作:野田秀樹、演出:松尾スズキ/東京芸術劇場小劇場1/指定席6500円/2010-03-20 19:00/★★★★

出演:多部未華子、山崎一、江本純子、吹越満

毒草学者の山本は偶然地方の列車の中で出会った15歳の少女百子に心奪われ、東京までの旅費を渡し、結局一緒に暮らすことになる。山本のフルネームが山本ヤマモートなのは、ナボコフの『ロリータ』の語り手ハンバート・ハンバートを彷彿とさせるし、物語全体の骨格は『ロリータ』が下敷きだ。

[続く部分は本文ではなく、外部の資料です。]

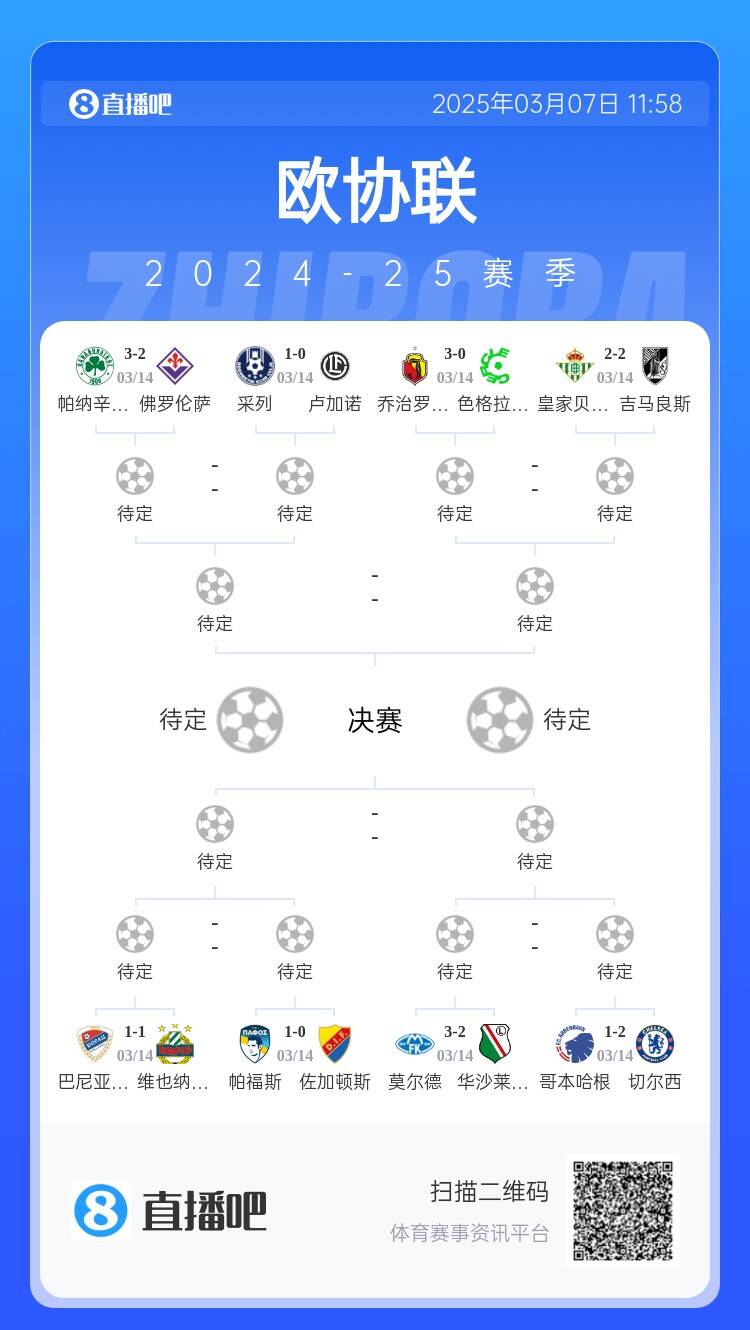 歐協(xié)都拿捏不了？五大聯(lián)賽3隊(duì)打歐協(xié)僅切爾西勝，還有2隊(duì)早已出局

『ロリータ』では語り手の一方的で実らない想いの哀しさばかりにスポットライトがあてられ少女はほとんど人形のように描かれるが、この作品の百子は、ボランティアや市民運動に参加する主体的な女性だ。ただその主体性の先には運動のリーダーである都罪という男の存在があった。百子は彼を崇拝していたのだ。やがて百子は「農業少女」という食べると便の臭いがしなくなる米を発案する。彼女は自分の出自である「農業」を都市のライフスタイルと融合させることを夢見たのだ。それが受けて、都罪は話題を集めることに成功し、政界にうってでることにする。そして彼は「農業少女」のアイディアごと百子を見捨てる。彼はただ彼女を利用していただけで、自分の野心のみに忠実な男だった……。

松尾スズキの演出が見事だった。野田秀樹的なリズミカルさを残しつつ、とことん羽目をはずす。特にラストシーンの、まるですべてが山本の妄想だったかのように少女が消えていくところがすばらしすぎる。あと、もちろん、多部未華子がよかった。かわいい。声がいい。

(追記)この作品にはもう一つ、全体主義批判というメッセージがあるんだけど、一見それはサッカーに熱狂する群衆を揶揄したり、大衆煽動に長けた都罪という男とヒトラーを重ね合わせるだけで、表面的な批判に終わっているように思える。でも、実は食の生産手段つまり農業は原理主義的なこだわりを誘発するものだし、人間のにおいも最も差別感情を喚起しやすいものだ。全体主義批判というテーマは付け焼き刃なものではなく、この作品の根底に関わるものなのだ。農業少女は、全体主義に安易に巻き込まれてしまう個々の人々を象徴すると同時に、そこから逃れ出る可能性のようなものを示しているのかもしれない。

未見なのでよくわからないけど、少なくと野田秀樹自身演出の初演ではそうだったんじゃないかな。でも、今回そういうのを背景においやった松尾スズキの演出の意図もよくわかるし、成功していたと思う。